In general I then think the difference (for non-C++) between your method and others (protobuf, thrift, ...) is that yours would require the cost of a field serialization in the moment the field is accessed. In others all fields are deserialized at once. But in the end it should have the same cost if I need all fields, e.g. in order to convert the data into a plain Java/Javascript/C#/... object, or am I missing something there? For C++ is absolutely believe that you can have a byte-array backed proxy-object with accessor methods that have the same properties as accessing native C++ structures.

kentonv · on Sept 11, 2016

Even if you access every field, Cap'n Proto's approach should still be faster in theory because:

- Making one pass instead of two is better for the cache. When dealing with messages larger than the CPU cache, memory bandwidth can easily be the program's main bottleneck, at which point using one pass instead of two can actually double your performance.

- Along similar lines, when you parse a protobuf upfront, you have to parse it into some intermediate structure. That intermediate structure takes memory, which adds cache pressure. Cap'n Proto has no intermediate structure.

- Protobuf and many formats like it are branch-heavy. For example, protobuf likes to encode integers as "varints" (variable-width integers), which require a branch on every byte to check if it's the last byte. Also, protobuf is a tag-value stream, which means the parser has to be a switch-in-a-loop, which is a notoriously CPU-unfriendly pattern. Cap'n Proto uses fixed widths and fixed offsets, which means there are very few branches. As a result, an upfront Cap'n Proto parser would be expected to outperform a Protobuf parser. The fact that parsing happens lazily at time of use is a bonus.

All that said, it's true that if you are reading every field of your structure, then Cap'n Proto serialization is more of an incremental improvement, not a paradigm shift.

anentropic · on Sept 12, 2016

I have a similar question re the Python implementation

Is it still possible to realise benefits of the encoding when translating Python objects?

Drdrdrq · on Sept 11, 2016

Well, to be fair, serialization is still performed - but interchange format is cleverly picked out to be as similar as possible to common memory representation.

mrfusion · on Sept 11, 2016

So could django send data to jquery with this? Or what are some simple use cases?

scott_karana · on Sept 11, 2016

I think this is aimed at lower-level problems: RPC between interoperating daemons, connector protocols for databases, that sort of thing.

Lack of serialization is probably useful for JavaScript, but "exact in-memory data formats" probably don't fit well with dynamic-typed languages ;)

lmm · on Sept 11, 2016

It's a lot higher-performance, because you virtually don't have to parse. Remember when MySQL started supporting the memcached protocol because it'd reached the point where form simple pkey lookups it was spending more time parsing an SQL query than actually executing it?
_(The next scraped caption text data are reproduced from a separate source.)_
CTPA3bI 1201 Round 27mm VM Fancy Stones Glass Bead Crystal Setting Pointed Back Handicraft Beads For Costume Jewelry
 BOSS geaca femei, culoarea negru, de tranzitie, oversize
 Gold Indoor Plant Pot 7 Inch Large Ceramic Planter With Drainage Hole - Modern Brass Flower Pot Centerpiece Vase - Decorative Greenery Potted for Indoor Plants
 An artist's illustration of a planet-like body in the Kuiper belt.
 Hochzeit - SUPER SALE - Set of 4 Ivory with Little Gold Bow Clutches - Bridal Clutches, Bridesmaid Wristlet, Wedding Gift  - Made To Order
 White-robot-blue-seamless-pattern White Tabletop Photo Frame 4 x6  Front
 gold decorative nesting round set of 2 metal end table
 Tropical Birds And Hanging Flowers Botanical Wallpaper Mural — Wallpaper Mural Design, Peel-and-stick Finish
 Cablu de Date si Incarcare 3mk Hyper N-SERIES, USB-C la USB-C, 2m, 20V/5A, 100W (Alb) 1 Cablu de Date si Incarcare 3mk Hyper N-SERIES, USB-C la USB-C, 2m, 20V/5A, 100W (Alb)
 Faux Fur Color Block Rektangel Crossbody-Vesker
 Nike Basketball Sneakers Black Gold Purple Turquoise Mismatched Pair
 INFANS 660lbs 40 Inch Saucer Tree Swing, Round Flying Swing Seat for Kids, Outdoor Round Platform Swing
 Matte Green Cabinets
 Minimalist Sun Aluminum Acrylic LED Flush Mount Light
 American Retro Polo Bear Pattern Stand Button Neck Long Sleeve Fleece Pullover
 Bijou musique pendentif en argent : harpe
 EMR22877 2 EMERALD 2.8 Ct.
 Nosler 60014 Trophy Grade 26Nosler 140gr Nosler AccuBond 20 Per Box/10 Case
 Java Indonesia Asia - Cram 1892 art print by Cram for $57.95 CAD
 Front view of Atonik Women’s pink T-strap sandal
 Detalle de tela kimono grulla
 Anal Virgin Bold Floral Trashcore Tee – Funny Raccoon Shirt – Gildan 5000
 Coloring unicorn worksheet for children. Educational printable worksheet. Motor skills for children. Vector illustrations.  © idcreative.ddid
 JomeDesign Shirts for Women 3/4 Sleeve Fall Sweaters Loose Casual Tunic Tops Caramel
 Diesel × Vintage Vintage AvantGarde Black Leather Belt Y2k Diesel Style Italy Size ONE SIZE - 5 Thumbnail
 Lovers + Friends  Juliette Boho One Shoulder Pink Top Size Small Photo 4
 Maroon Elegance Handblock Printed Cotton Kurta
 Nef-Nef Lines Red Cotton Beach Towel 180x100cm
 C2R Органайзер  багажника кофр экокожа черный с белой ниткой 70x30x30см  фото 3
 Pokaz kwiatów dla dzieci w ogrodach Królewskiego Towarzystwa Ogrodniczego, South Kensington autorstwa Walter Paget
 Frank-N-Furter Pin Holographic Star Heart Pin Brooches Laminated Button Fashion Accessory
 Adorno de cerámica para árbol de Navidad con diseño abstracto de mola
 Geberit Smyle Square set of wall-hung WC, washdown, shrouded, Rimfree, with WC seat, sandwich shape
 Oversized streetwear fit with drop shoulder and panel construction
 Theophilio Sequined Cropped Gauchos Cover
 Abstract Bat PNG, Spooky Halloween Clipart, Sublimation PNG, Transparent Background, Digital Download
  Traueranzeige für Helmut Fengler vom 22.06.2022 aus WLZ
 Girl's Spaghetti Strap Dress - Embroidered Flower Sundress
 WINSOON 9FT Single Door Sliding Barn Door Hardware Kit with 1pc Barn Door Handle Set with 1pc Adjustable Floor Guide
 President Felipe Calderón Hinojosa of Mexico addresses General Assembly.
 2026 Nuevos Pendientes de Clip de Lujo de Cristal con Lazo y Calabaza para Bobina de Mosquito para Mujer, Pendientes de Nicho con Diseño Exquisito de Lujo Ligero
It's like doing that for your program.

But for me at least, the real advantage over JSON isn't the performance but the schema compatibility. You have a spec for your data and generate code from that, which means the spec is guaranteed to be correct, and there's clear documentation about what changes to the spec are or aren't forward or backward compatibile. (You get the same thing from the original Protocol Buffers though).